Forum Discussion
Altera_Forum
Honored Contributor
13 years agoYou need to do some thoughput analysis. I'm not sure you'll actually manage to transfer data at that rate (seems high!) - and then manage to process it somewhere before the next frame arrives.
Thinks: 4MB at 30fps is 120MB/s - about gigabit ethernet speed. Or, if you have a 120MHz clock (you won't run an fpga much faster), 1 clock per byte, or 4 clocks per 32bit word. And that is a frame average, you probably need to worry about the slightly higher mid-line pixel clock. The first thing to realise is that PCIe isn't really a bus protocol (like PCI) but much more like a communications protocol using HDLC frames. A large PCIe write is split into multiple requests each of typically (but negotiated) 128 bytes, a small number of which can be outstanding at any one time. When the target has actually written the data it sends an ack packet back the the originator - which then knows that the transfer has completed and can send the next fragment. (Actually it is a bit more complex than that!) All the state engine work (etc) slows it all down way below the nominal speed of the PCIe link itself. I don't know exactly how the Avalon PCIe master side works - we've only used the slave (master is a small ppc). In order to generate a long PCIe request, the initiating PCIe block needs to know that its user (the DMA block in you case) is going to request another cycle, for writes it could be bufferring data until the avalon burst ends (reads are much more tricky). Once it has decided it has enough data for a PCIe transfer, the PCIe transfer can be initiated. It can then look for more data for the next tranfser. Somewhere there needs to be a FIFO - to guarantee that the PCIe block can be fed data every clock (for whichever clock is relevant!).
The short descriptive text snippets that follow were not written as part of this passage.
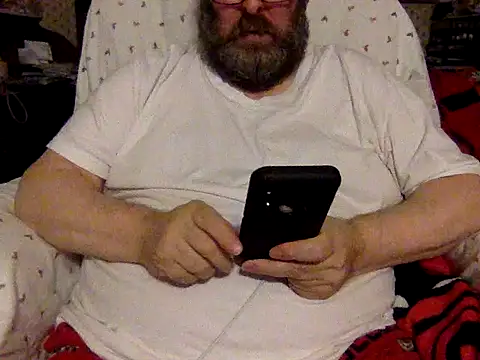 Snapshot of Drwhocares chatting on December 2024 10:07:01 PM Drwhocares online show from December 2024 10:07:01 PM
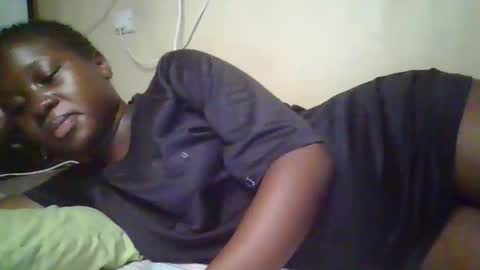 Snapshot of happy_dimple chatting on October 31, 9:41 pm happy_dimple online show from October 31, 9:41 pm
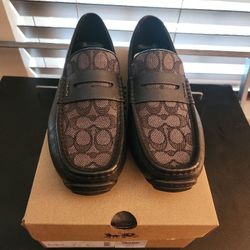 Coach Shoes Size 9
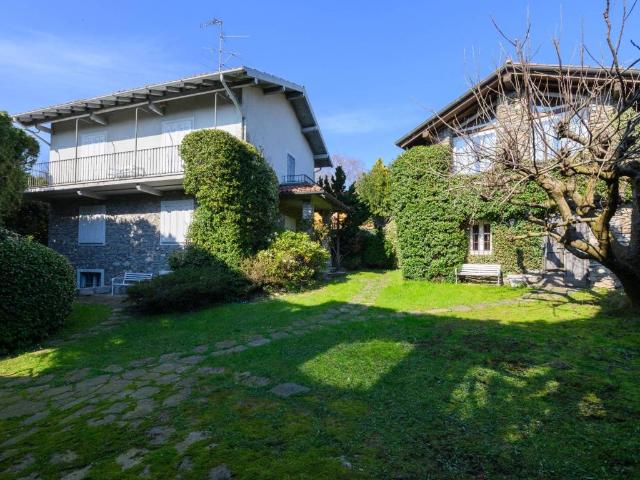 Villa in vendita a Gignese VB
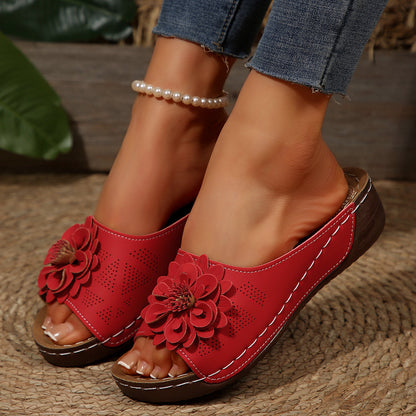 Chic Orthopedic Sandals with Unique Design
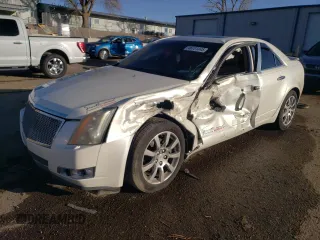 2008 Cadillac CTS RWD z VIN 1G6DV57V080206709, wystawiony jako Copart lot #46721445 z przebiegiem Nie podano mil oraz Szkoda całkowita • Salvage title. Historia ofert i sprzedaży dostępna na DreamBid. Obrazek 1.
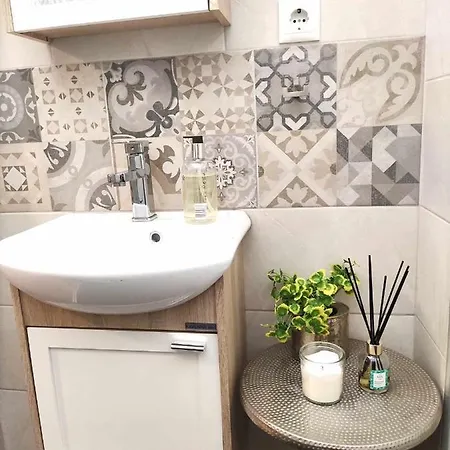 Apartment Incognito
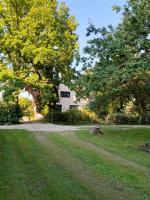 Dubavi - Bed and Breakfast Viestura Laukums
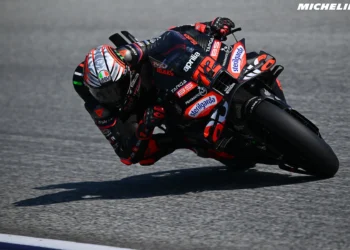 Marco Bezzecchi Surpreende em Spielberg: Estrela Italiana Conquista Pole Enquanto Marc Márquez Cai na Áustria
I think this all means that the DMA transfer length can be much larger than 512 bytes, but you may need add some kind of fifo between the video source and the PCIe. Possibly writing each vidoe line to alternate memory blocks (4k each ?) and transfering each in turn. (You might need 4 blocks to hangle jitter...) Some of this would all be easier if there was a dma engine inside the PCIe block (which would take a PCIe address as its target), rather than the PCIe block being an Avalon slave and mapping ranges of Avalon address space to PCIe space.